━━ DATA FOR THIS TASK ━━
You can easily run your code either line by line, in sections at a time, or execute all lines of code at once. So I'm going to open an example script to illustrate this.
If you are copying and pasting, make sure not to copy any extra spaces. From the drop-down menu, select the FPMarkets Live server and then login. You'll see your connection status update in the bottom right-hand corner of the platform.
━━━
━━ DATA FOR THIS TASK ━━
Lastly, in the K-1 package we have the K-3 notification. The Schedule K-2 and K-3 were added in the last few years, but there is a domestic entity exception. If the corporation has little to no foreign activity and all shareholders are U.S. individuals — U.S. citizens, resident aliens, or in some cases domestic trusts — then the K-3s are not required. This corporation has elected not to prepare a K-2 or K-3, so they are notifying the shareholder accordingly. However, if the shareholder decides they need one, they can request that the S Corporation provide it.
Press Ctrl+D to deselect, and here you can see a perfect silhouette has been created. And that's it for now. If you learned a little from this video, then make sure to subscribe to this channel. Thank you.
━━━
Each line of the entries where the string "that" occurs should be shown.

▶ _ANSWER TO THIS TASK_:
Lastly, in the K-1 package we have the K-3 notification. The Schedule K-2 and K-3 were added in the last few years, but there is a domestic entity exception. If the corporation has little to no foreign activity and all shareholders are U.S. individuals — U.S. citizens, resident aliens, or in some cases domestic trusts — then the K-3s are not required. This corporation has elected not to prepare a K-2 or K-3, so they are notifying the shareholder accordingly. However, if the shareholder decides they need one, they can request that the S Corporation provide it.
Press Ctrl+D to deselect, and here you can see a perfect silhouette has been created. And that's it for now. If you learned a little from this video, then make sure to subscribe to this channel. Thank you.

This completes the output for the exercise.